Short text fragments from websites
<<<<

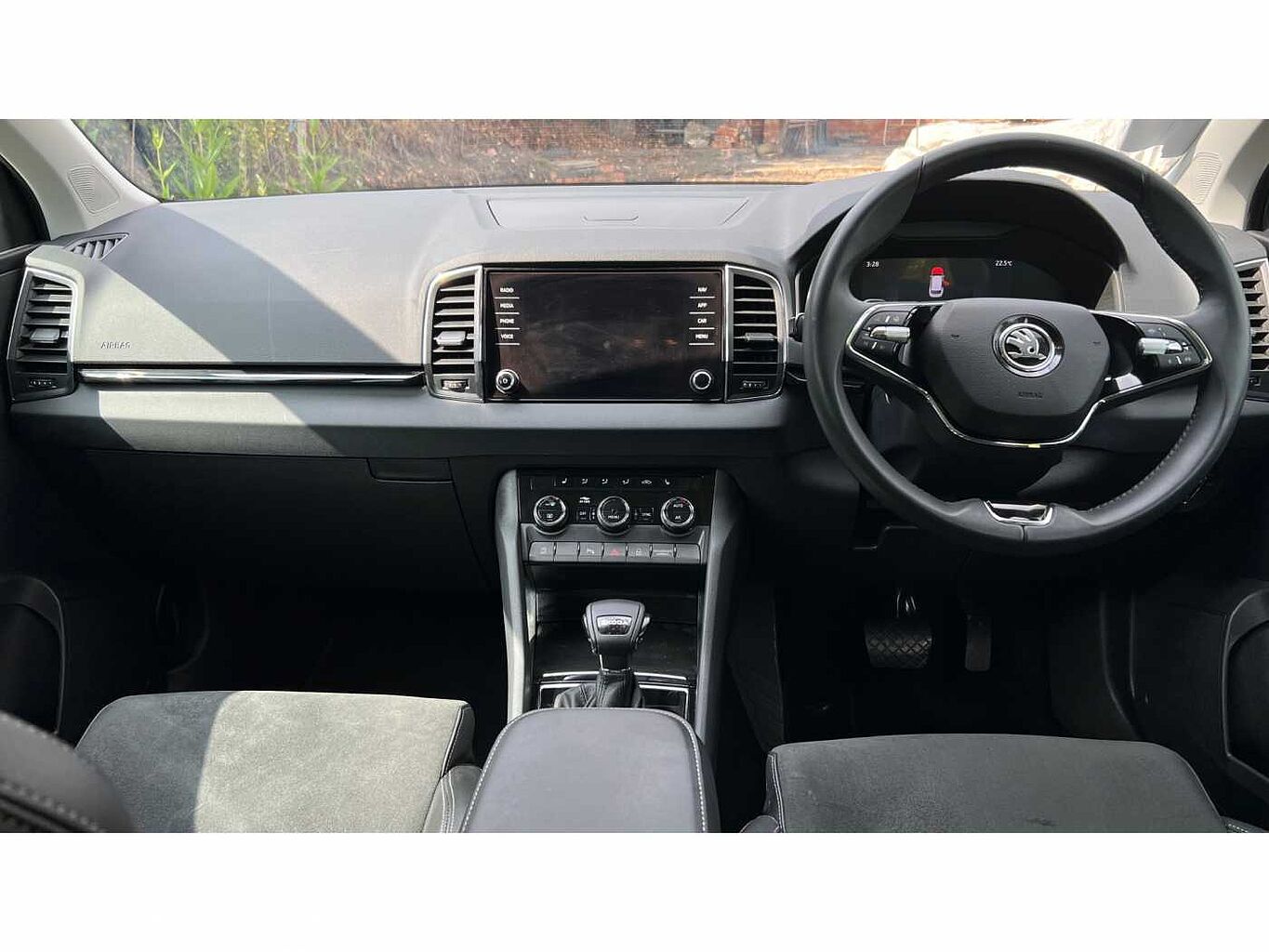 SKODA Karoq SUV 1.5 TSI (150ps) SE L ACT DSG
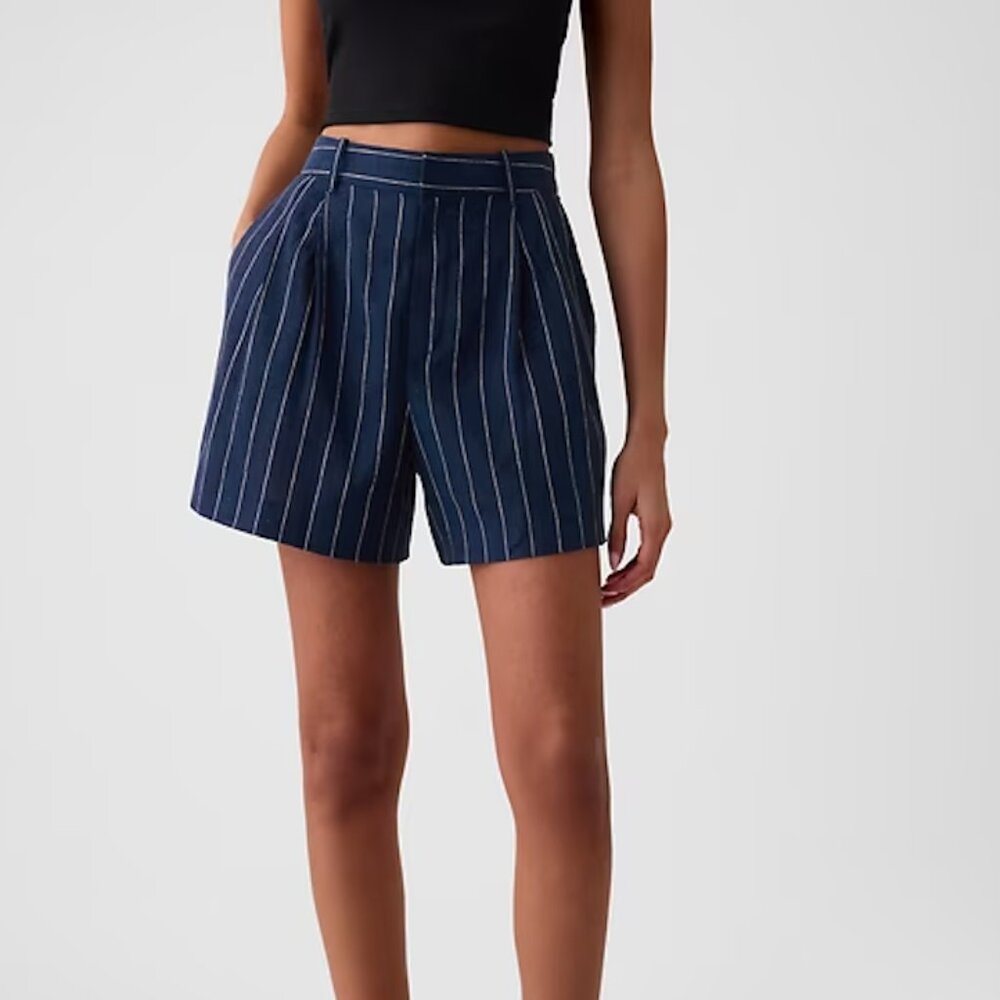 GAP 365 High Rise Linen-Blend Shorts in Navy Pinstripe
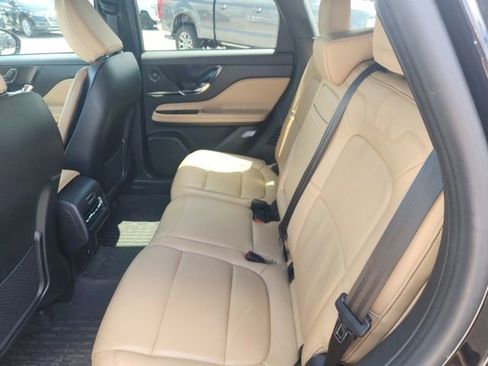 Used 2022 Lincoln Corsair Reserve w/ Equipment Group 201A FWD image 10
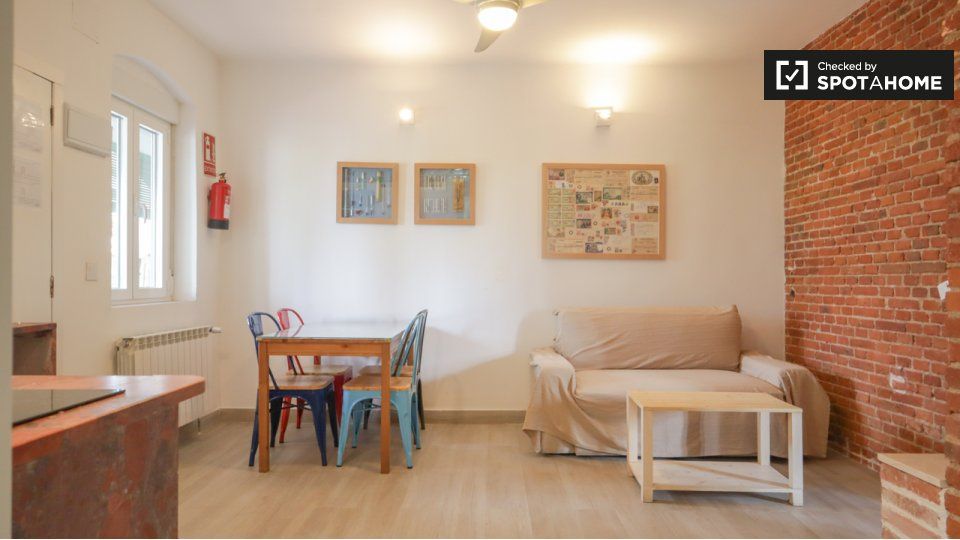 Living room of Flat for rent in  Madrid Capital  with Air Conditioner, Heating and Furnished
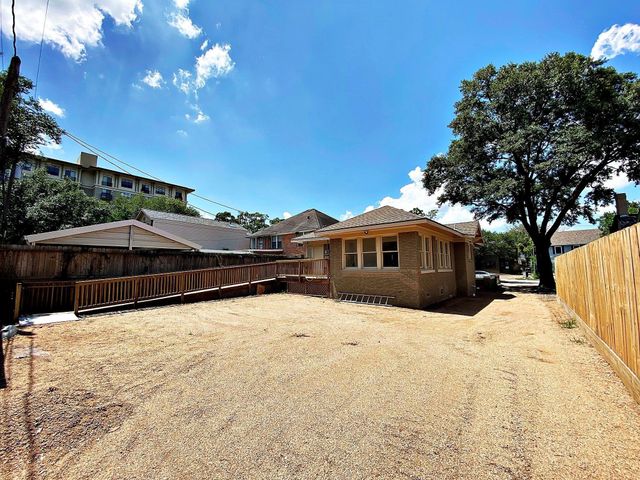 1625 W Alabama Street, Houston, TX 77006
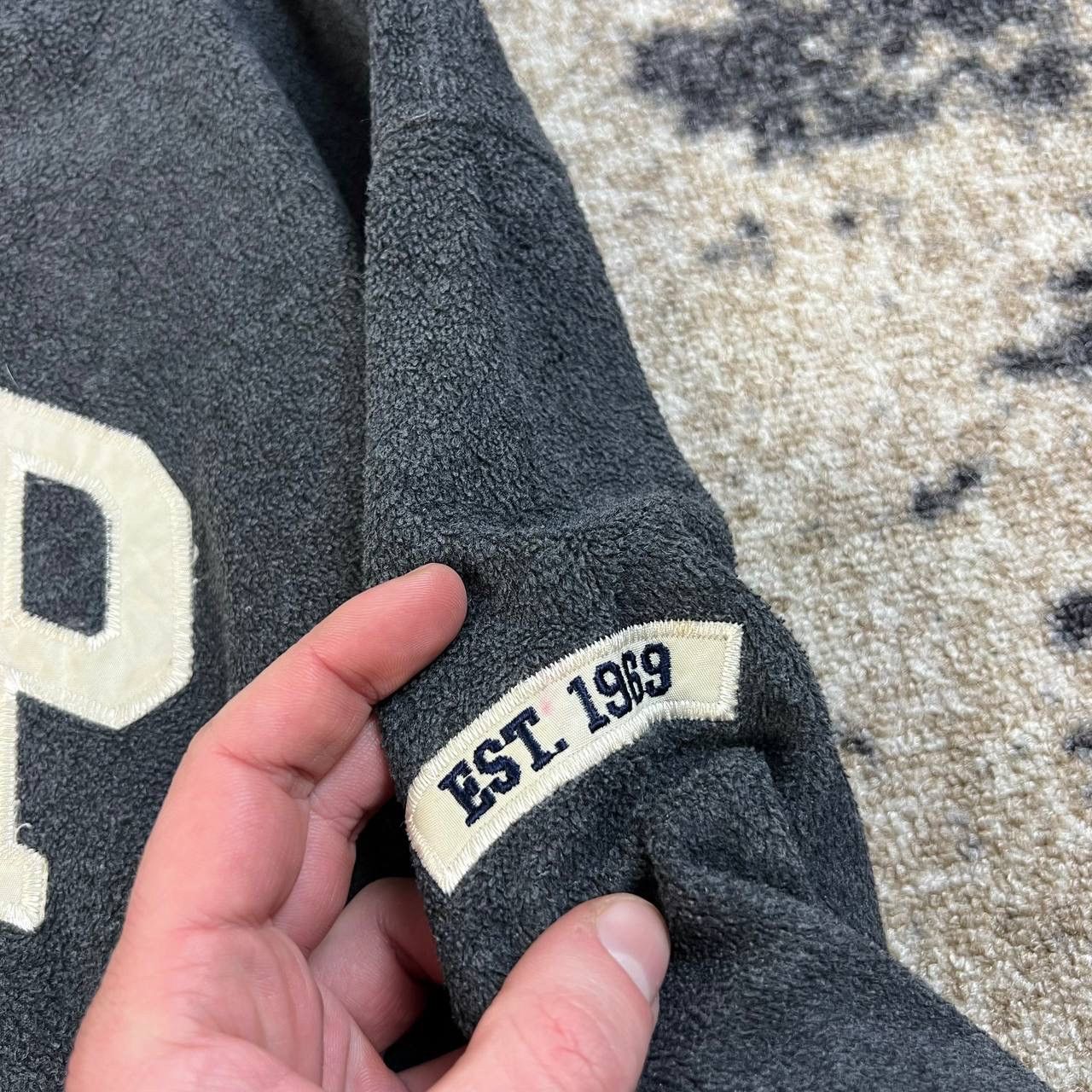 Gap Gap Vintage Y2K Big Logo Oversized Fit Fleece Hoodie Size US XL / EU 56 / 4 - 5 Thumbnail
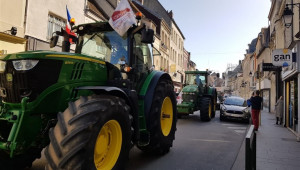 Френски фермери блокираха магистрали в знак на протест - Снимка 1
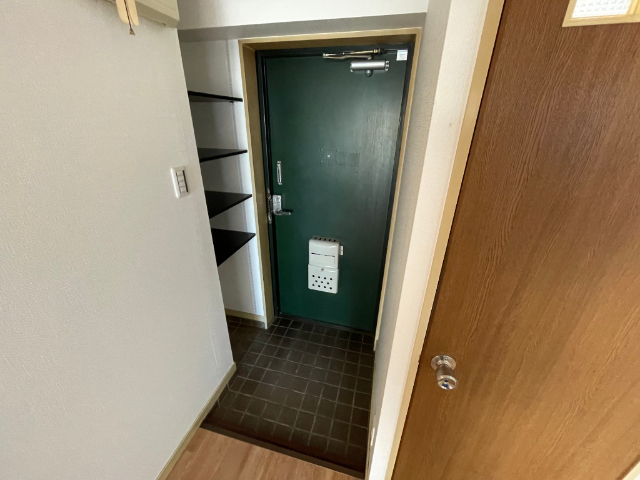 玄関　収納付き玄関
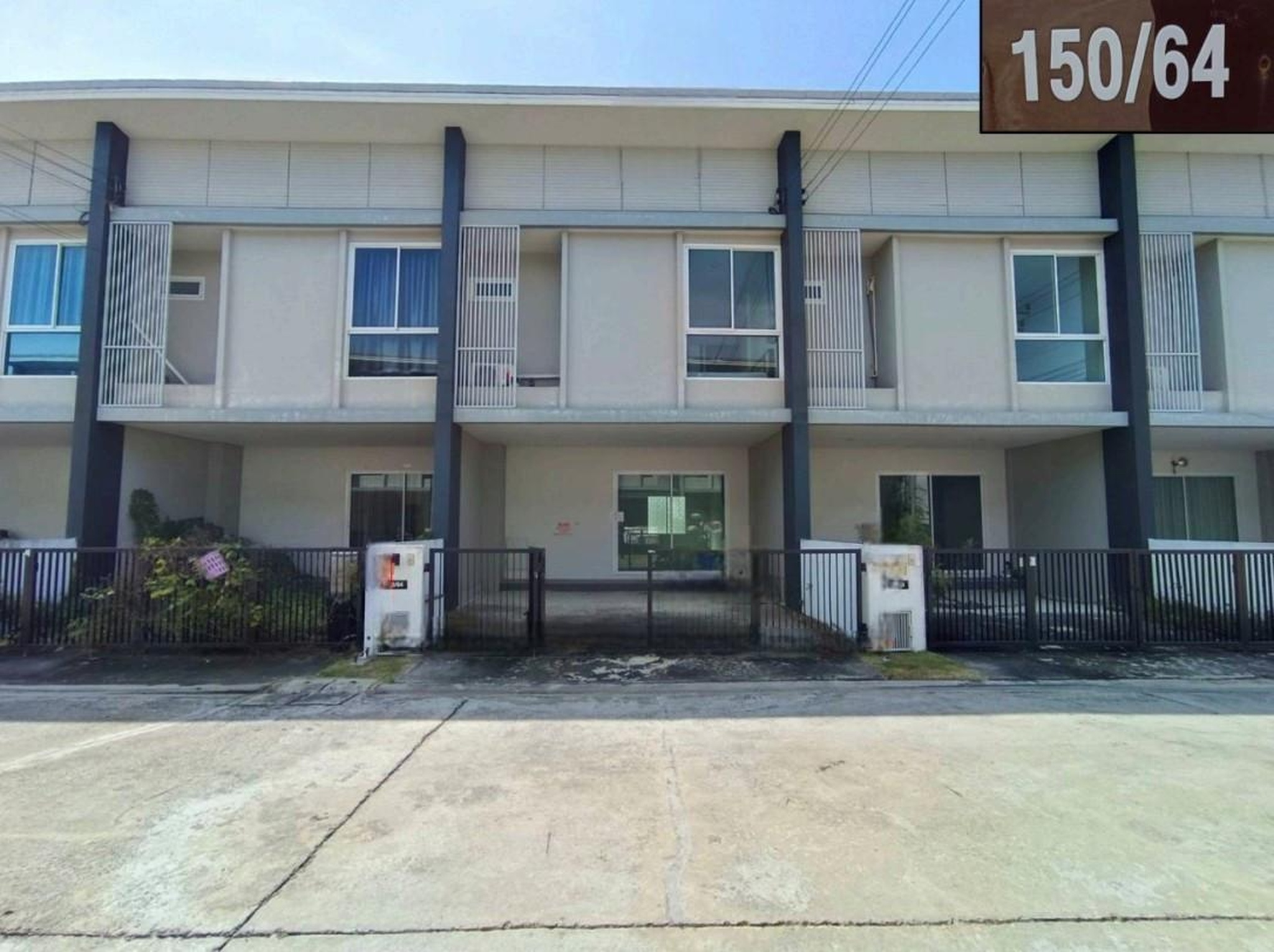 ทรัพย์สถาบันโดย GHB ทาวน์เฮาส์ บ้านธงสิริ 3 บ้านกล้วย-ไทรน้อย (Baan Thongsiri 3 Ban Kluay-Sai Noi)
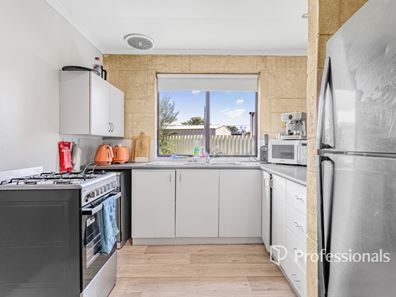 7B Oliver Street, East Bunbury WA 6230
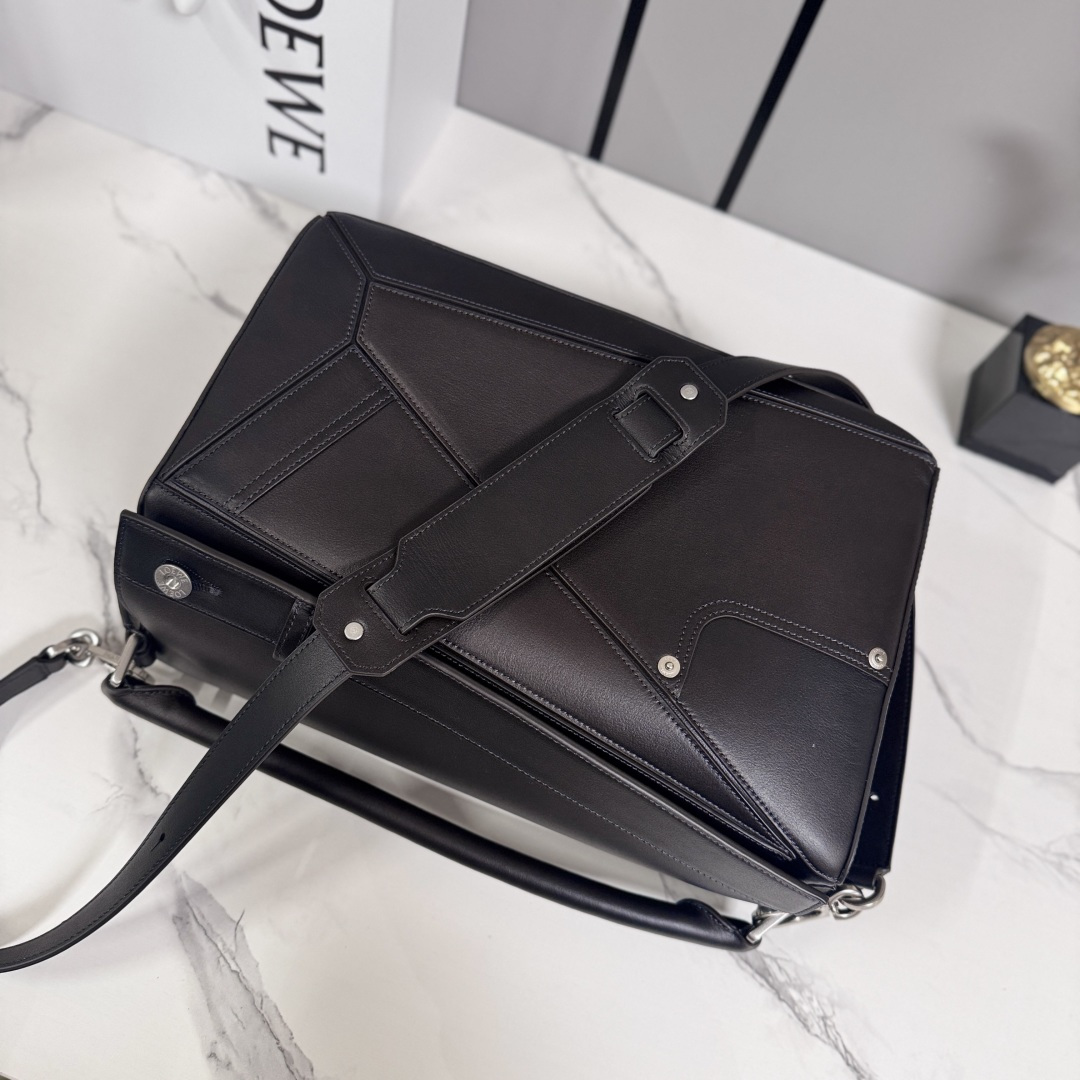 罗家🌟新款 🆕大号亮面牛皮革Panta Puzzle 手袋Puzzle 以别具一格的几何线条勾勒长方体造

>>>>

**WORK ORDER:** An exact copy of every line above is needed, without the images.

**TASK SOLUTION:**
 SKODA Karoq SUV 1.5 TSI (150ps) SE L ACT DSG
 GAP 365 High Rise Linen-Blend Shorts in Navy Pinstripe
 Used 2022 Lincoln Corsair Reserve w/ Equipment Group 201A FWD image 10
 Living room of Flat for rent in  Madrid Capital  with Air Conditioner, Heating and Furnished
 1625 W Alabama Street, Houston, TX 77006
 Gap Gap Vintage Y2K Big Logo Oversized Fit Fleece Hoodie Size US XL / EU 56 / 4 - 5 Thumbnail
 Френски фермери блокираха магистрали в знак на протест - Снимка 1
 玄関　収納付き玄関
 ทรัพย์สถาบันโดย GHB ทาวน์เฮาส์ บ้านธงสิริ 3 บ้านกล้วย-ไทรน้อย (Baan Thongsiri 3 Ban Kluay-Sai Noi)
 7B Oliver Street, East Bunbury WA 6230
 罗家🌟新款 🆕大号亮面牛皮革Panta Puzzle 手袋Puzzle 以别具一格的几何线条勾勒长方体造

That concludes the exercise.